The Royal Scots Fusiliers was a line infantry regiment of the British Army that existed from 1678 until 1959 when it was amalgamated with the Highland Light Infantry (City of Glasgow Regiment) to form the Royal Highland Fusiliers (Princess Margaret's Own Glasgow and Ayrshire Regiment) which was later itself merged with the Royal Scots Borderers, the Black Watch (Royal Highland Regiment), the Argyll and Sutherland Highlanders and the Highlanders (Seaforth, Gordons and Camerons) to form a new large regiment, the Royal Regiment of Scotland.

History

Uniform of the 21st Regiment of Foot in 1742

Naming Conventions

In the late 17th century, many English and Scottish politicians viewed standing armies or permanent units as a danger to the liberties of the individual and a threat to society itself.[1] The experience of the Wars of the Three Kingdoms and the use of troops by both the Protectorate and James II to repress political dissent created strong resistance to permanent units owing allegiance to the Crown or State. Regiments were deliberately treated as the personal property of their current Colonel, carried his name which changed when transferred and disbanded as soon as possible. This makes tracing the origins of modern regiments very complex, particularly since many regimental histories were written in the late 19th or early 20th century. This was partly due to the 1881 Childers Reforms; the abolition of the numbering system for regiments was as bitterly resisted then as the various amalgamations have been since and establishing precedence or age became almost an obsession.[2]

The Earl of Mar's Regiment of Foot (1678–1689)

The regiment was formed in Scotland in September 1678 by the Earl of Mar for service against dissident Covenanters and helped suppress Presbyterian rebellions at Bothwell Bridge in 1679 and the 1685 Argyll's Rising.[3] Thomas Buchan, a Scottish Catholic and professional soldier replaced the Earl as Colonel in July 1686.[4]

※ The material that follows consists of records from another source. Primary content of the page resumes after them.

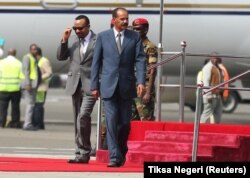 استقبال رئیس‌جمهور اریتره از آبی احمد در نیمه ژوئیه ۲۰۱۸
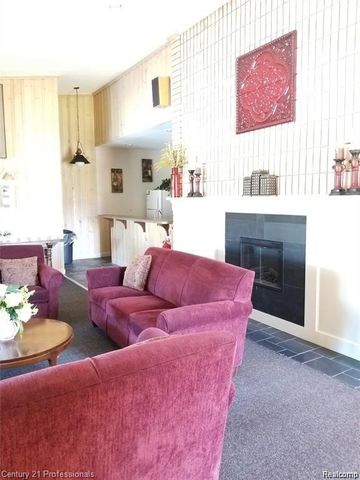 40618 Newport Drive, Plymouth, MI 48170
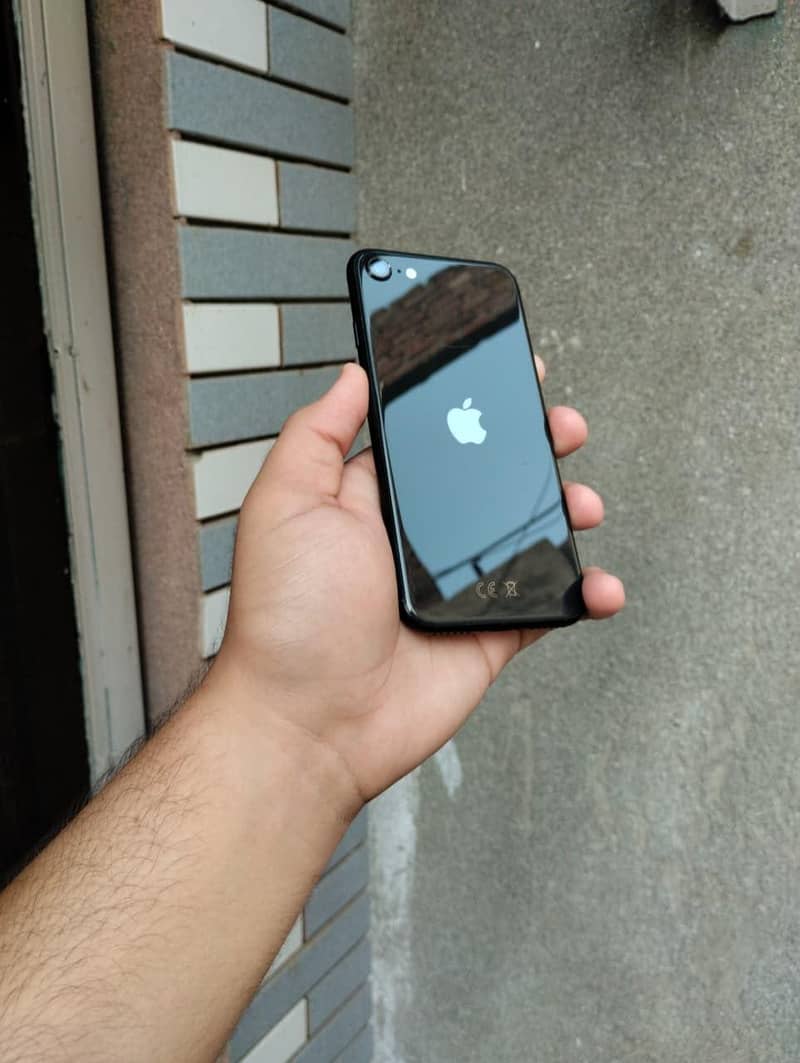 Apple iPhone SE 0
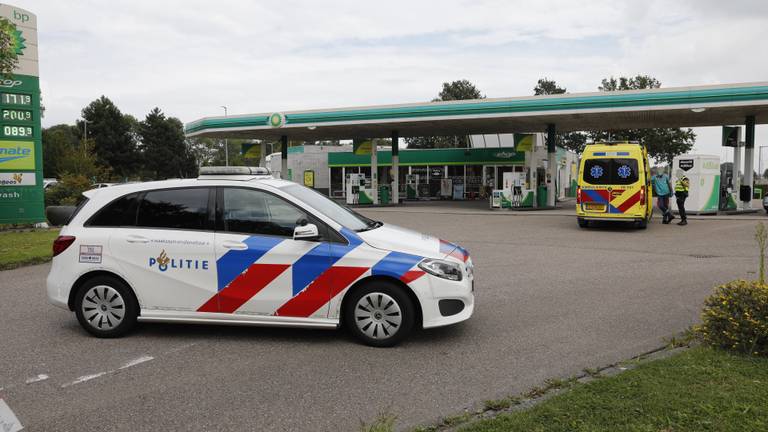 Gewonde schietpartij meldt zich bij tankstation: 'Bloedbad naast auto'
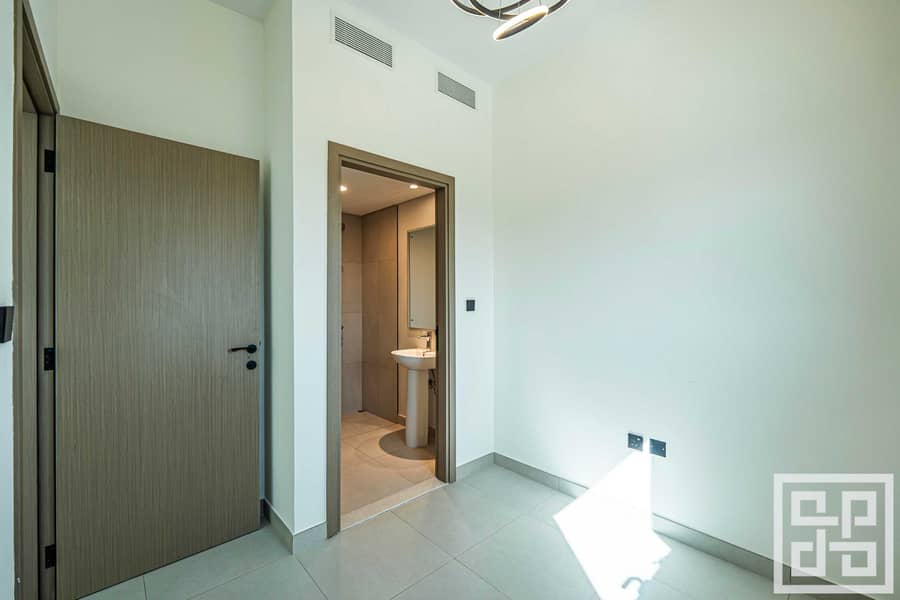 24 26 - Maids Room. jpg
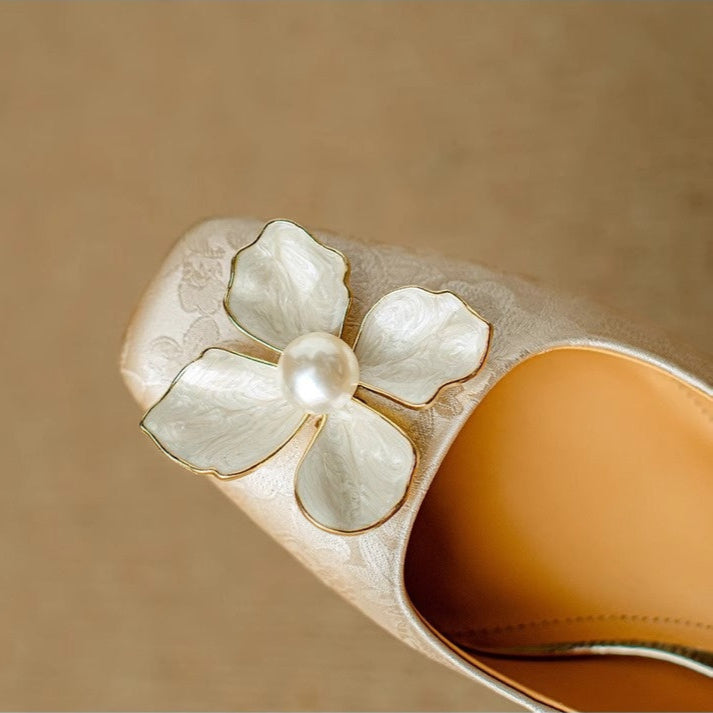 Mira™| Eloise Elegante Pumper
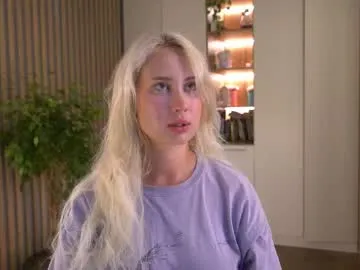 kellyfernandes – webcam model profile photo Image 15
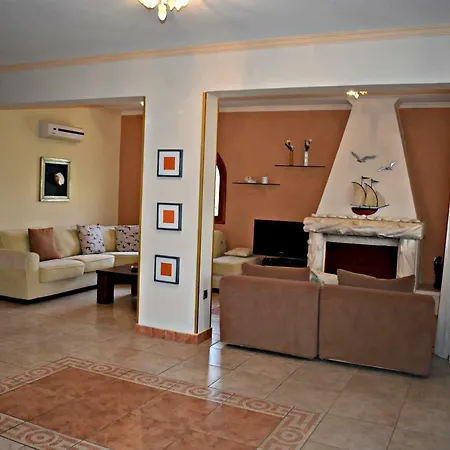 Coral 4 Bedroom Case de vacanță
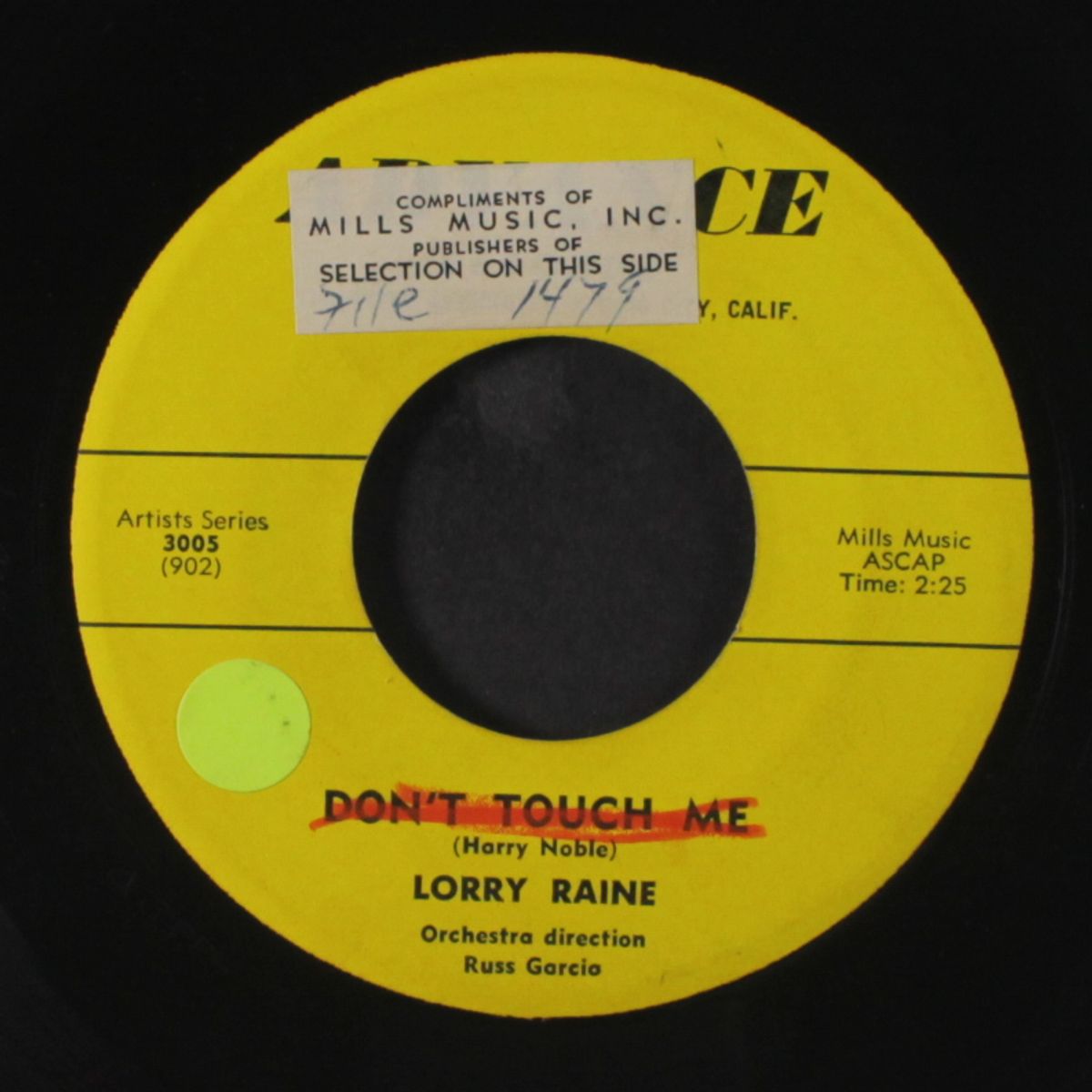 don't touch me / who knows by LORRY RAINE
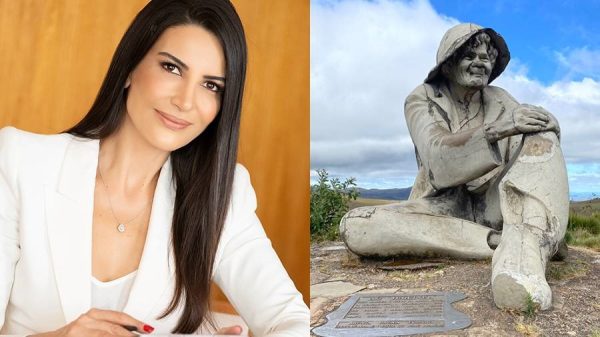 Ana Sanches e Estátua do Juquinha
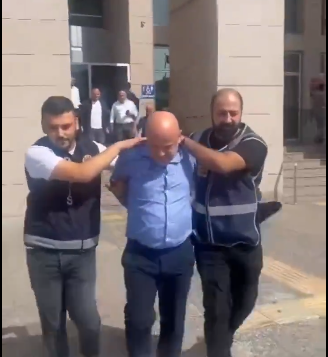 السلطات التركيه  تعتقل الرجل الذي رفع سكين بوجه رجال اعمال سعوديين وهددهم بالذبح 
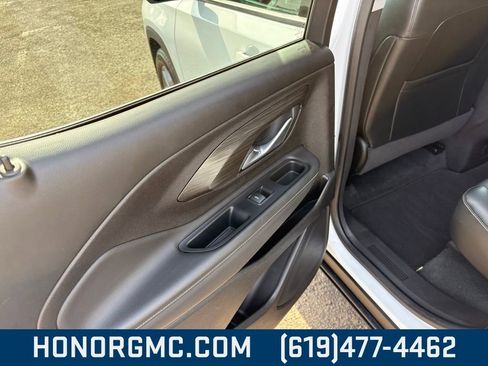 Used 2024 GMC Terrain SLT image 22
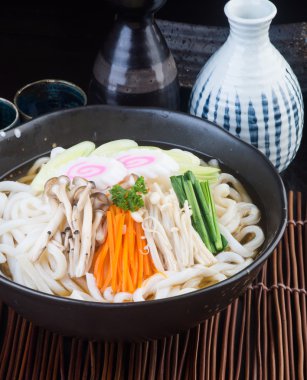 Japon mutfağı. Udon arka planda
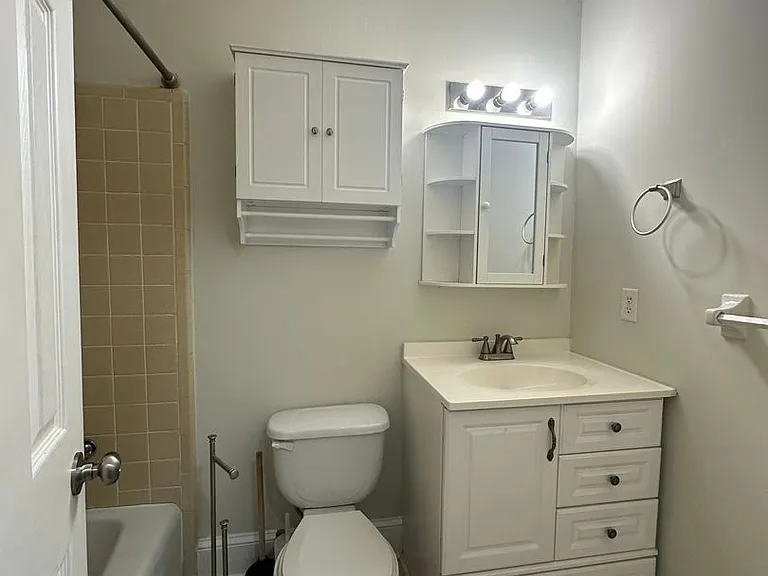 51 Lawanna Dr — Photo 22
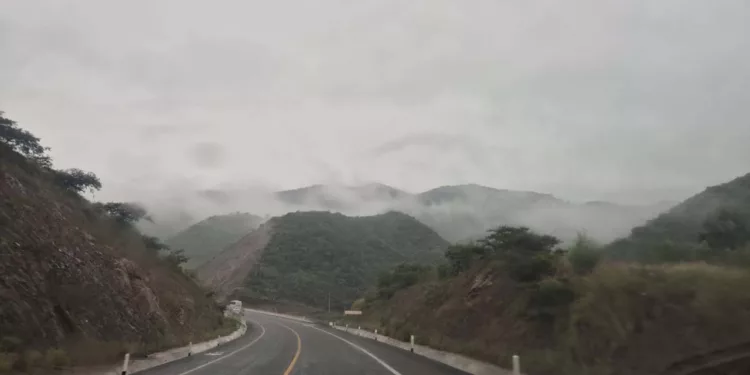 Lluvia y bancos de niebla en  la  Barranca Larga- Ventanilla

When William III landed in England on 5 November 1688 in what became known as the Glorious Revolution, the regiment was shipped to London.[5] There was very little fighting; the vast majority of James II's army simply changed sides and Buchan followed him into exile in France. The position of Colonel was filled in March 1689 by Francis Fergus O'Farrell, an Irishman who had served William since 1674 and it became O'Farrell's Regiment in accordance with the practice of the time.[5]

The Nine Years War and Scotland (1689–1702)

The regiment spent the Nine Years' War in Flanders and took part in most of the major engagements, including Walcourt, Steinkirk and Landen. In July 1695, it was part of the garrison when O'Farrell surrendered Deinze to the French without resistance. The regiment became prisoners until exchanged in September; Ellenberg, commander of Diksmuide which surrendered in a similar fashion at the same time was executed, while O'Farrell was cashiered along with eight other officers.[6] The officers concerned were later reinstated with O'Farrell ending his career as a Major-General.[7]

His replacement was Robert Mackay, nephew of Hugh Mackay former commander of the Dutch Scots Brigade; he died in December 1696 and was succeeded by another Scot, Colonel Archibald Row. After the Treaty of Ryswick ended the Nine Years War in September 1697, the regiment went to Scotland where it spent the next few years.[8]

The date at which it was became a Fusilier unit is debated but it first appears as O'Farrell's Fusiliers on an Army list of 1691.[9] 'Fusilier' is a specific designation while 'fusil' was originally a light-weight musket carried by units guarding the artillery train, so it may have been equipped with these before 1691.[10] The original Fusilier regiments all had an exploding bomb emblem, so it may also relate to grenades; for example, only Fusilier regiments, the Grenadier Guards plus one or two others were later allowed to use the British Grenadiers regimental march.[11]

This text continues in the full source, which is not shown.